There are lots of other good choices. Jason Day and Justin Thomas are solidly in front of the pack based strictly on performance over the last five months (with Johnson third). If you narrow it down to just the last four appearances, Charl Schwartzel is 10% ahead of everyone else with a missed cut at the Heritage followed by fifth at the Zurich, ninth at the Wells Fargo, and his runner-up spot at TPC. Day, Patrick Reed, and Chesson Hadley have been very good in the last four events also. Players who have best out-performed their established form over recent events include Schwartzel, Hadley, Bryson DeChambeau, Reed, and Jason Dufner. 2013 champ Matt Kuchar is tops in the field with $2.7 million of earnings here over the last eight years and probably tops in overall performance in that span with five top-10 finishes.

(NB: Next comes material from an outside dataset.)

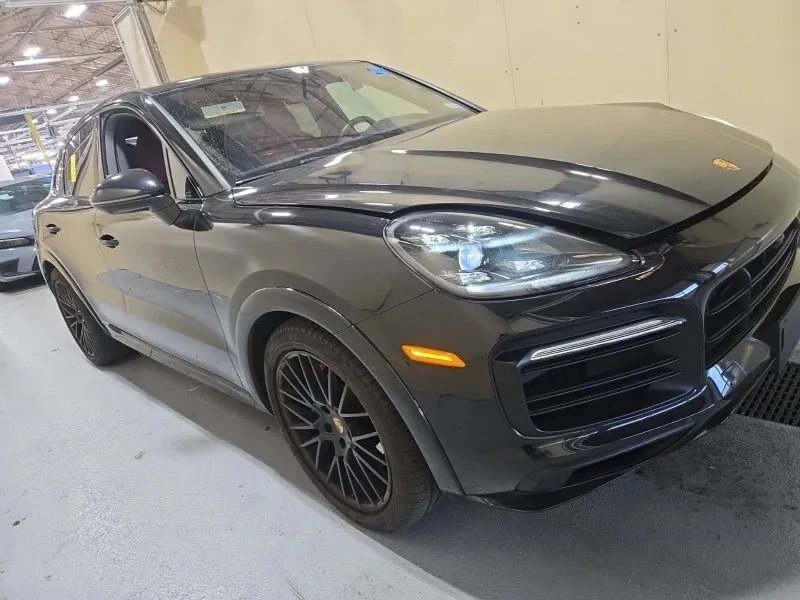 2022 Porsche Cayenne GTS's photo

Scrambling, driving distance, and driving accuracy are the three statistics most highly correlated with success on this Muirfield Village course, a Jack Nicklaus creation. Players whose statistical profile best fits those correlation numbers are Thomas, Kevin Streelman, Rickie Fowler, and Jordan Spieth, in that order.
If you like the idea of a longshot, Aaron Wise, the winner two weeks ago at the Nelson, is probably the best rookie, and players outside the top 40 who are showing improved play recently include Rory Sabbatini, Danny Lee, Kevin Tway, and Russell Knox. Chilean rookie Joaquin Niemann, who turned pro just this spring, would be ranked somewhere in the 50s in the Hawley Ratings if he had sufficient appearances to qualify (he has seven, and the minimum is eight).
Located just outside Columbus OH, this is the PGA Tour’s first stop of the year in what you would call a northern state.